Of course, thousands with no historical knowledge of seventeenth century history will visit Eyam and will just see and enjoy a picture postcard village – but they will have missed its whole point. Millions perhaps will watch 'Once Upon a Time in America' and simply enjoy a violent gangster movie. And a large portion of the population will watch the state  opening of Parliament each year and see only  a quaint bit of theatre when the door to the House of Commons is slammed in Black Rod’s face and he  hammers on the door to call the members to listen to the monarch.

Nye Bevan - found the  way forward
by looking back!
For if you don’t 'know' any history you have no basis, perspective or context  in which to place the things that you see or hear. Everything, therefore,  must be experienced at a very superficial level because there is little or no other understanding. And that, it seems to me, is not only crucial but typifies much of the modern world – the emphasis upon the obvious, the instantaneous and the present  which brings with it a shallowness because there are few reference points upon which to base  judgements or to explain what you have seen or heard or experienced.  I am aware this sounds a bit like the grumblings of a grumpy old man – well, I suppose it is. But I firmly believe that one of the problems that we have as a society  at all levels – political, the media, the world of music or science or economics or any other facet you care to mention - is the lack of context and history. The headline grabbing newspapers, political spin,  celebrity culture, fashion are all  things of the moment - instantly consumed and even more quickly forgotten. "Today’s headlines are tomorrows fish and chip papers"  someone once said – very true.   And, because it is true it allows things of little moment -  like New Labour - to suddenly blossom, achieve star status but then  fade into disrepute with even greater speed as its short comings are realised. It allows someone like Tony Blair to be heralded as the salvation of the world and yet a year or two little to be despised and derided. It allows people to become famous overnight for perhaps rather dubious qualities but, like Hans Christian Anderson’s  Emperor in his new clothes to soon be seen as "naked as the day he was born"! It allows a government policy to be hyped and promoted as the panacea for society’s ills but a few weeks a later to be recognised for what it really is – an ill thought out 'quick fix'. Or to put it another  way, how can I judge if a book is 'good' if I have never read others? How can I know that an opera singer is good or bad if I have nothing to compare him or her with? With no history or context it is easy for the poor, the bad or the worthless to be accepted as good or worthy or of value - because people don't know any better.
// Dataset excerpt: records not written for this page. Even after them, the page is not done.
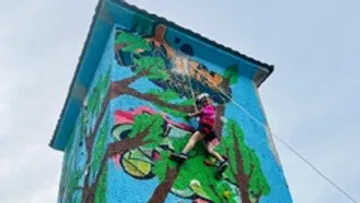 Kletterer erklimmt bunten, bemalten Turm unter einem blauen Himmel.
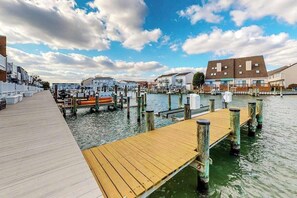A waterfront dock with boats, a wooden pier, and buildings along the water. - Gullway Getaway (Ocean City)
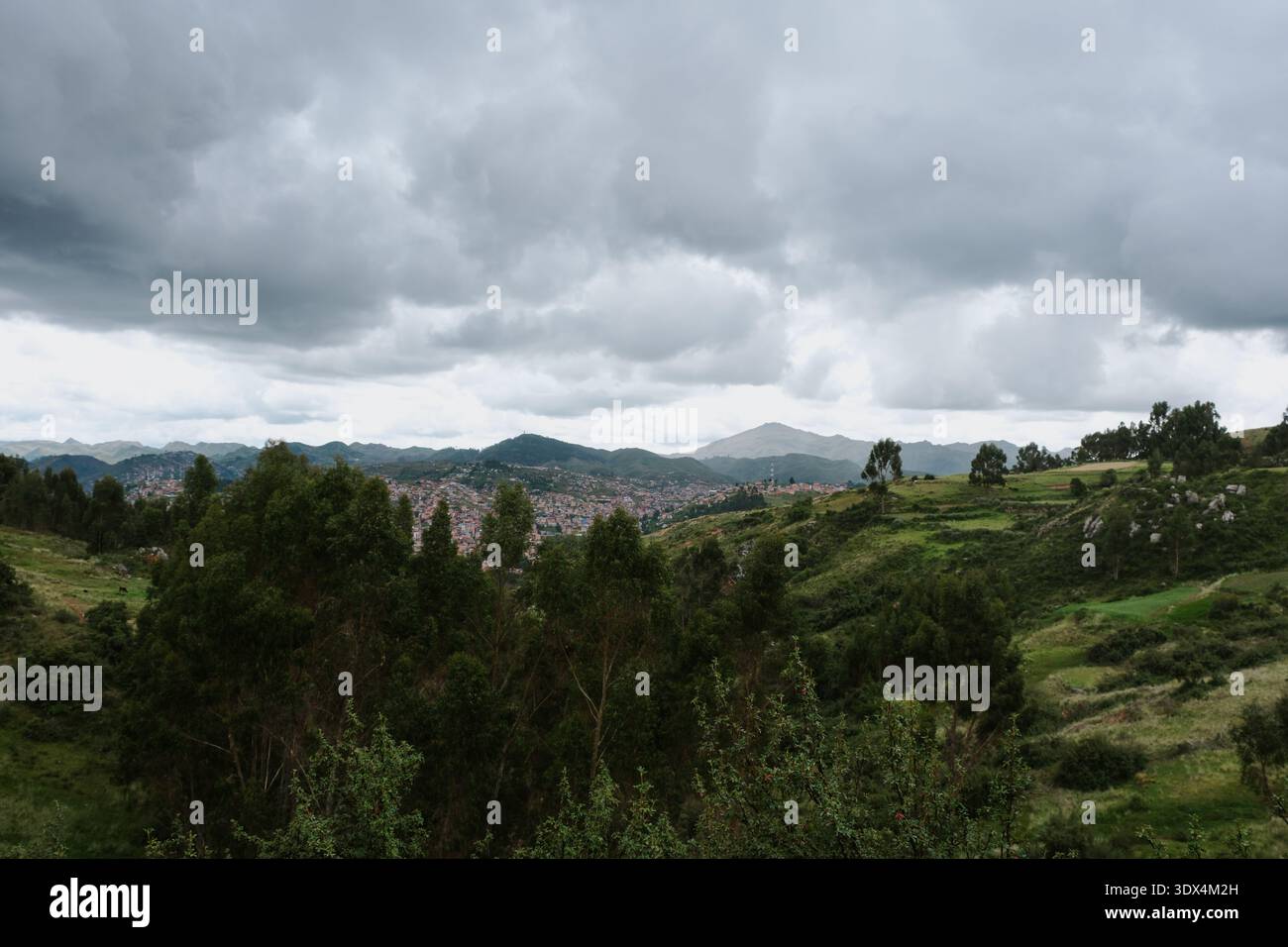 Malerische Landschaft der Stadt Cusco mit Bäumen im Vordergrund und den Anden im Hintergrund Stockfoto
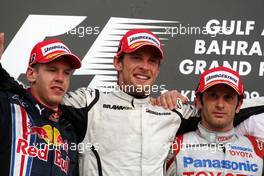 26.04.2009 Manama, Bahrain,  Sebastian Vettel (GER), Red Bull Racing, Jenson Button (GBR), Brawn GP, Jarno Trulli (ITA), Toyota Racing - Formula 1 World Championship, Rd 4, Bahrain Grand Prix, Sunday Podium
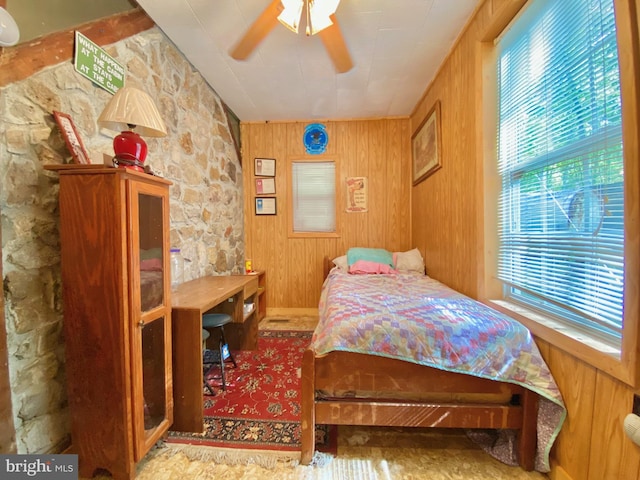 bedroom featuring ceiling fan and wooden walls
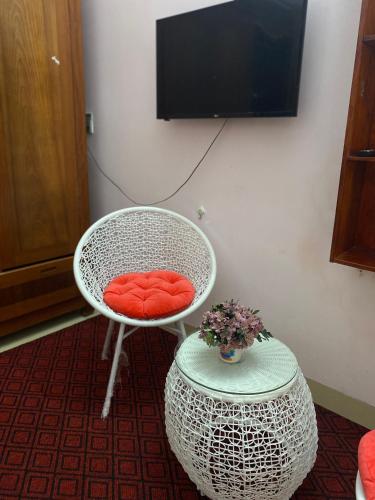 a white chair with a red cushion next to a table at Wind's House Ha Giang in Ha Giang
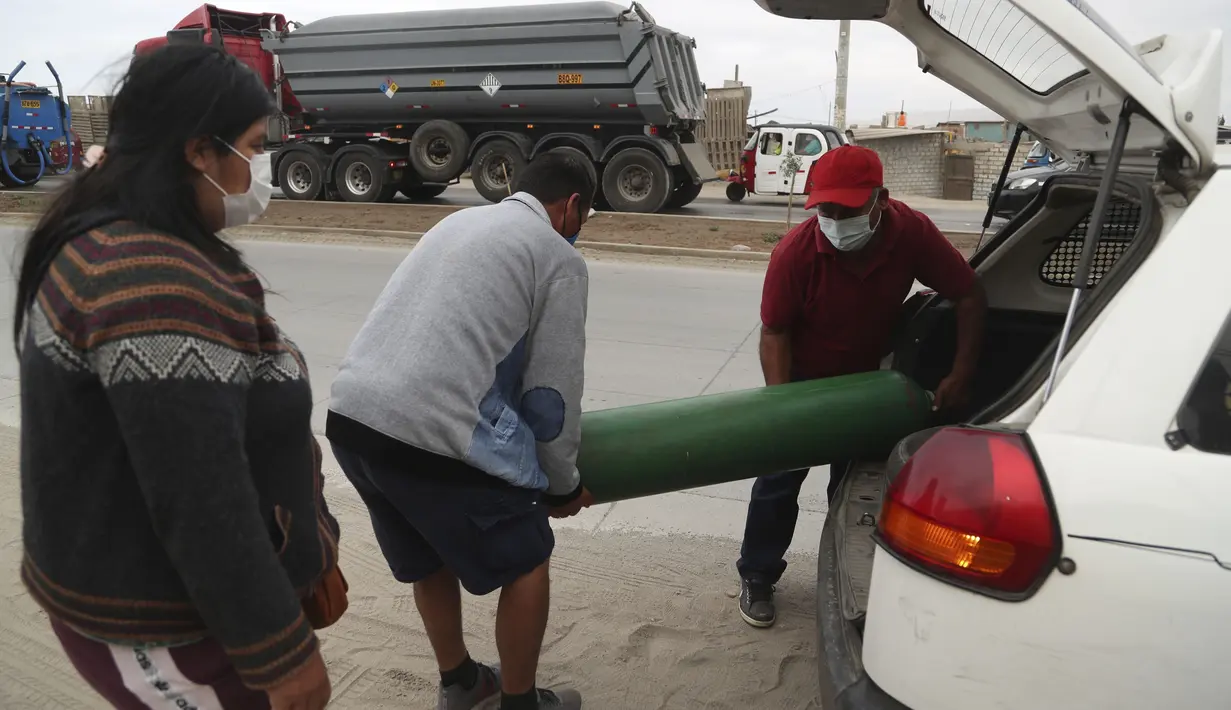 Orang-orang membawa tabung oksigen kosong dari mobil ke toko untuk mengisinya kembali di tengah pandemi COVID-19 di kawasan kumuh Villa El Salvador di Lima, Peru, Kamis (21/1/2021). Toko dibatasi untuk mengisi ulang hanya 20 tabung oksigen dalam sehari. (AP Photo/Martin Mejia)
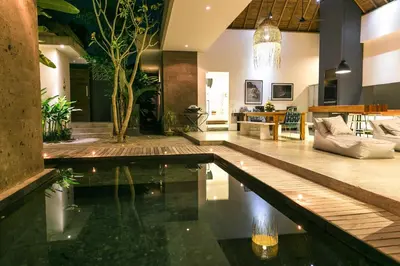 a living room with a pool in the middle of a house at Villa Turtle in Seminyak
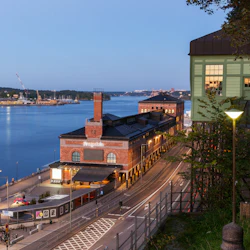 En utsikt över vattnet under skymningen med en historisk tegelbyggnad, en grön byggnad på styltor och en avlägsen stadsbild över vattnet.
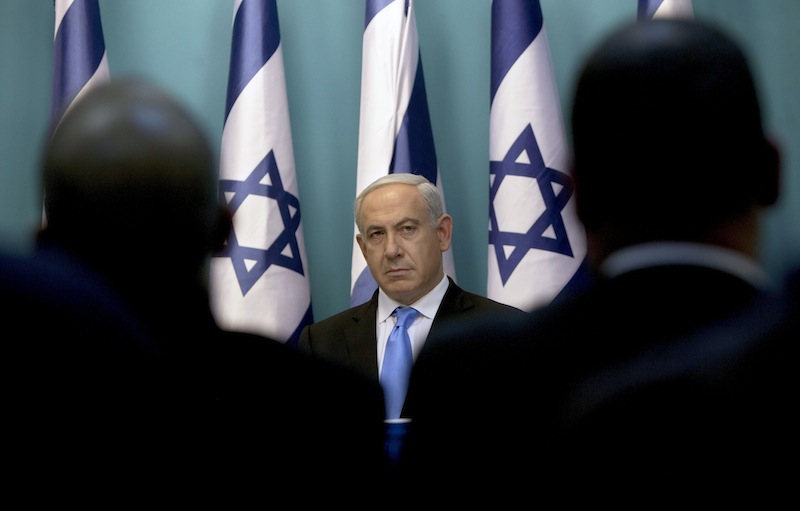 Israeli Prime Minister Benjamin Netanyahu looks on during joint statements together with Israel's Defense Minister Ehud Barak and Israeli Foreign Minister Avigdor Lieberman, not seen, at the Prime Minister's office in Jerusalem, Wednesday, Nov. 21, 2012. Israel and the Hamas militant group agreed to a cease-fire Wednesday to end eight days of the fiercest fighting in nearly four years, promising to halt attacks on each other and ease an Israeli blockade constricting the Gaza Strip. (AP Photo/Sebastian Scheiner)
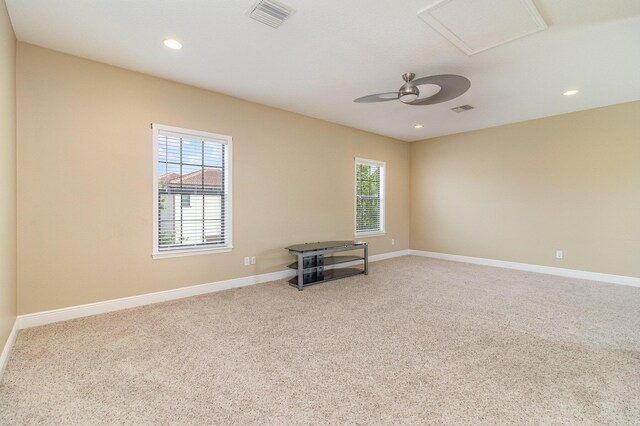 spare room with carpet floors, a wealth of natural light, and ceiling fan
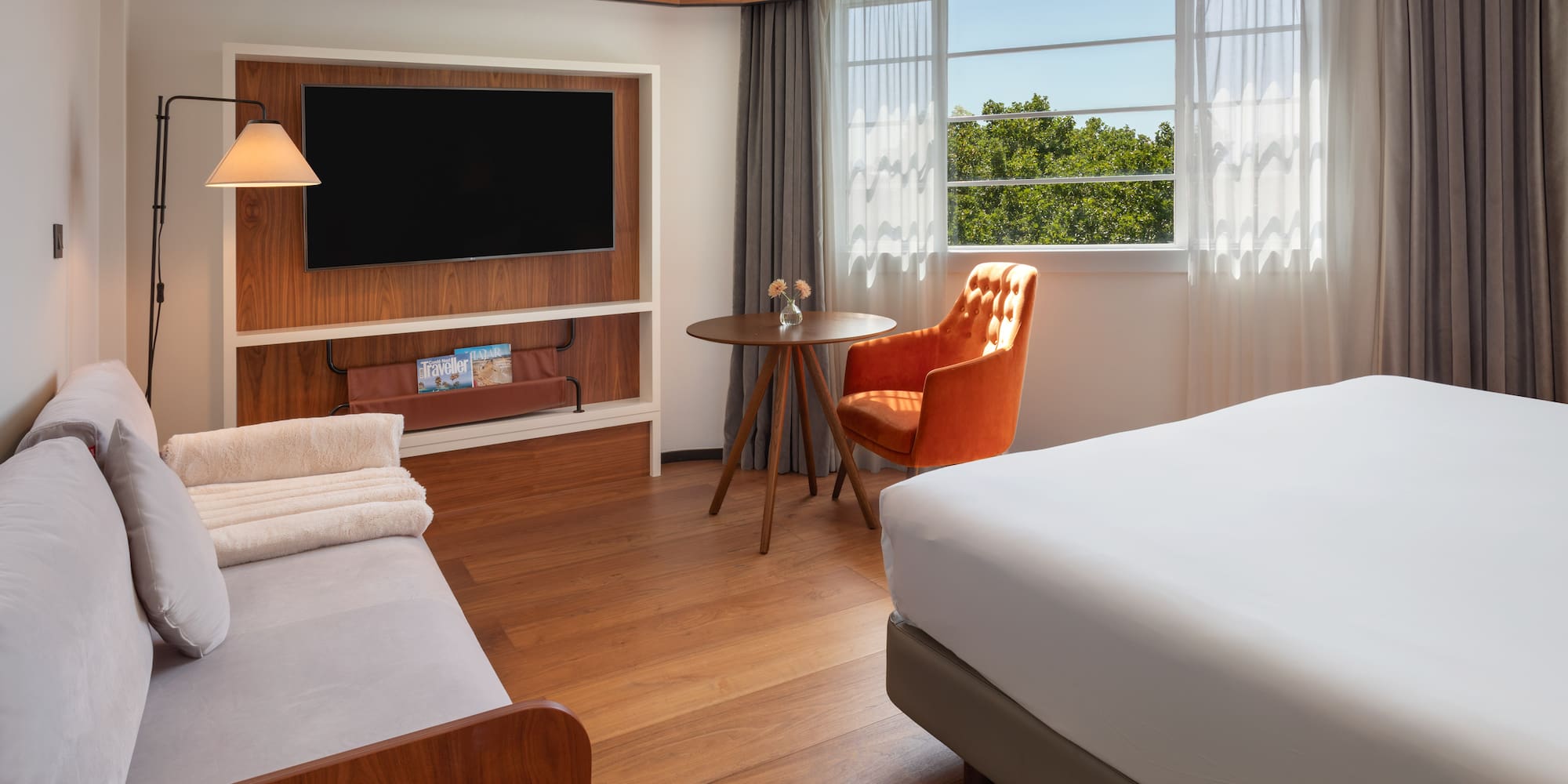 Modern hotel room with bed, sofa, TV, orange chair, and window view.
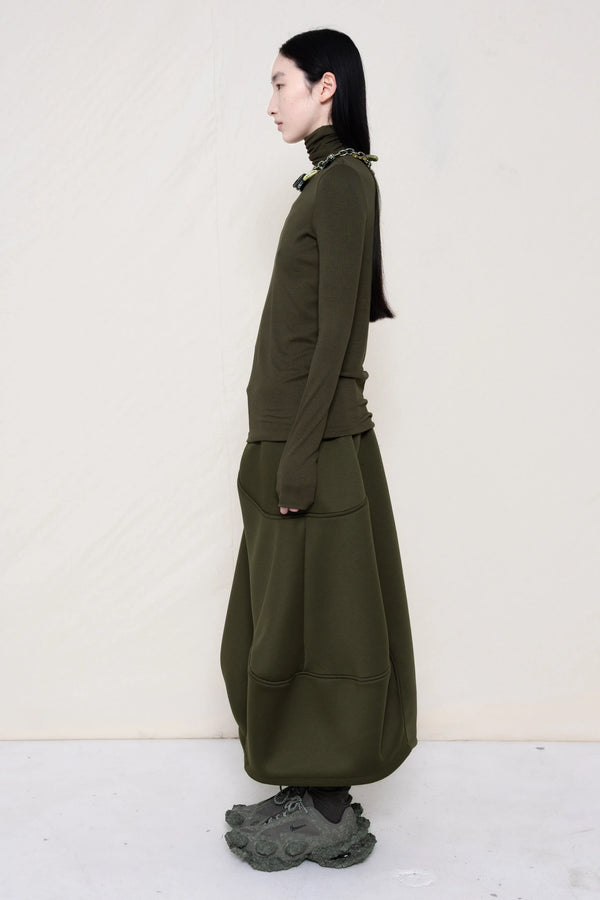 woman-wearing-a-cold-moss-green-soft-fluid-rib-long-sleeve-turtleneck-with-an-mb-charm-necklace-over-a-moss-green-spongy-seamed-skirt-and-custom-shoes-against-a-white-background-full-body-side-view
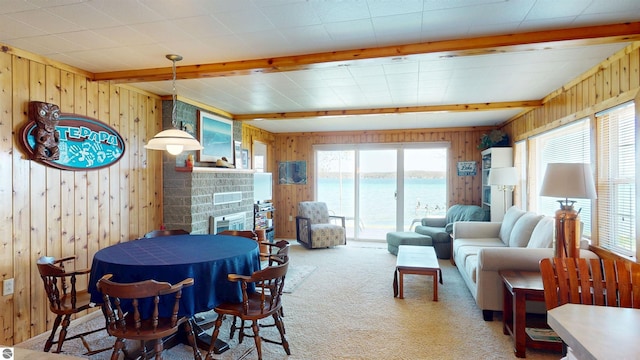 10701 SW Torch Lake Dr, Rapid City, MI 49676 - living room featuring wooden walls, light carpet, a water view, and a glass covered fireplace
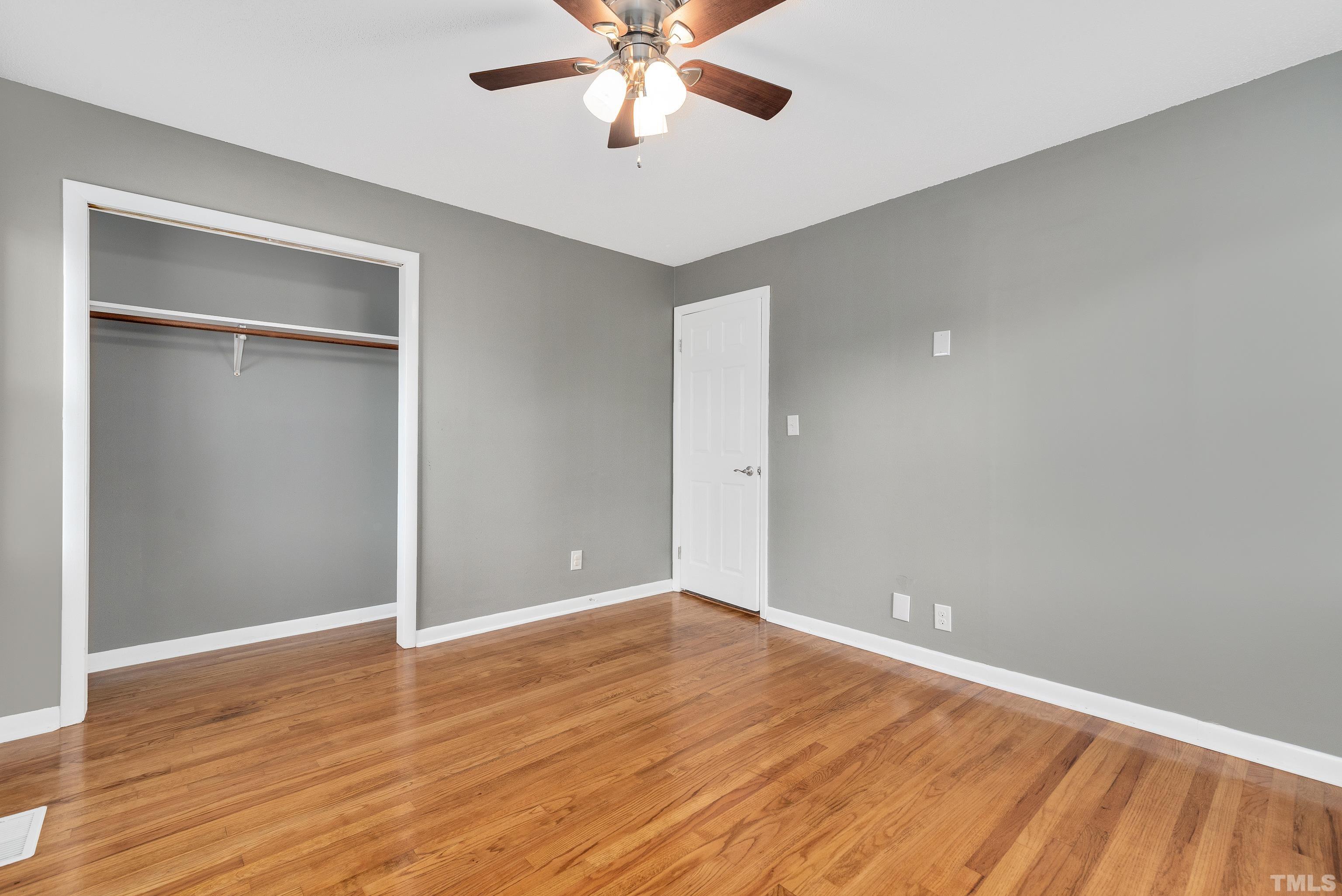 201 West B Street Erwin, NC 28339 - Photo 22 of 25 an empty room with wooden floor closet and fan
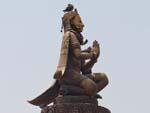 The man-bird Garuda kneels with folded arms on top of a column facing the Krishna Mandir Temple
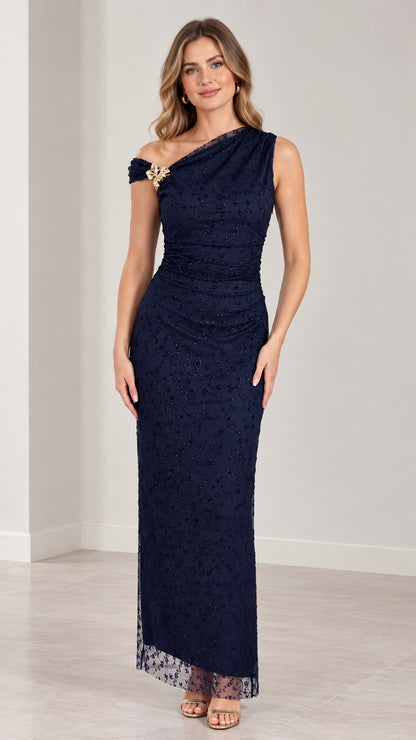 Full-length front view of navy blue one-shoulder beaded column evening gown with brooch
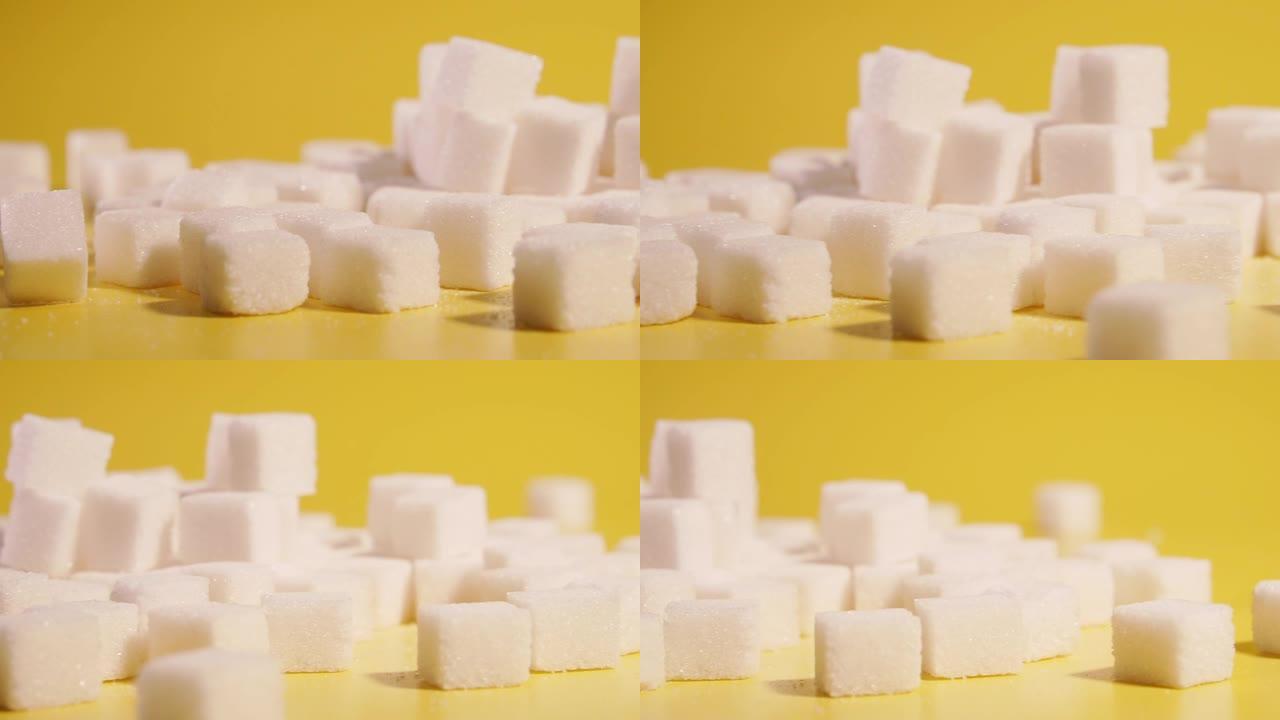 糖。方块中的糖位于黄色背景上。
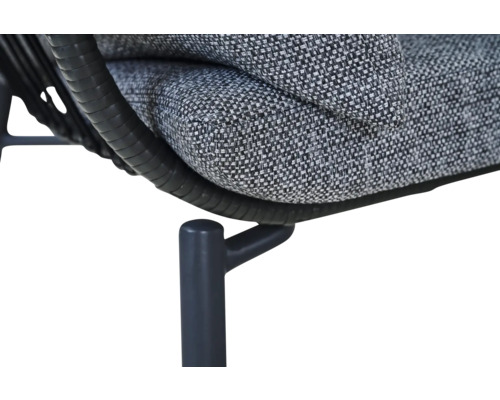 Nahaufnahme eines Gartenmöbels mit grauem Polsterkissen, schwarzem Polyrattan-Geflecht und einem Metallbein.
But history gives a context. It perhaps allows us to make more valid judgements because of the perspective it gives us.  It is not about dwelling in the past but in using the experience and knowledge of the past and its people and events to understand our modern world and its problems. It allows us to make sounder judgements as to the worth of a policy or a person.  A  good example could be seen in this morning’s Guardian where economics editor Larry Elliott put forward the hypothesis that America’s economic problems reflected the problems that have beset former great empires in their death throes:  "America" said Elliott "in 2011 is Rome in 200AD or Britain on the eve of the first world war: an empire at the zenith of its power but with cracks beginning to show". He went on to say: "The experience of both Rome and Britain suggests that it is hard to stop the rot once it has set in, so here are the a few of the warning signs of trouble ahead: military overstretch, a widening gulf between rich and poor, a hollowed-out economy, citizens using debt to live beyond their means, and once-effective policies no longer working. The high levels of violent crime, epidemic of obesity, addiction to pornography and excessive use of energy may be telling us something: the US is in an advanced state of cultural decadence" Now I don’t know if Elliott is correct – although having argued the same point myself in a number of contributions to the Guardian over the past few  months - I am tempted to agree with his premise. What can’t be disputed, however, is that a knowledge of history allows him to make this judgement.
The steel mills and mines of Ebbw Vale which
gave Bevan his bearings

The whole point of what I am trying to say was summed up beautifully by Michael Foot the Labour politician. Foot,  government minister, leader, orator and former Labour  MP for Ebbw Vale,  often related a story about the great Nye Bevan who had been the Labour MP for Ebbw Vale  prior to Foot. Bevan 'the father of the National Health Service'  often went for walks in the hills above the town and sometimes got lost in the mist (some of it caused by  the vast  steel and mining industries of the area). "When I got lost" said Bevan "I would look back to the town and see the glow from the furnaces and the pit heads sticking up through the mist. This allowed me to work out where I was and where I needed to go next. You need to know where you’ve been to know where you are at the present and to plan where you should go next. When I’d got my bearings I could stride on."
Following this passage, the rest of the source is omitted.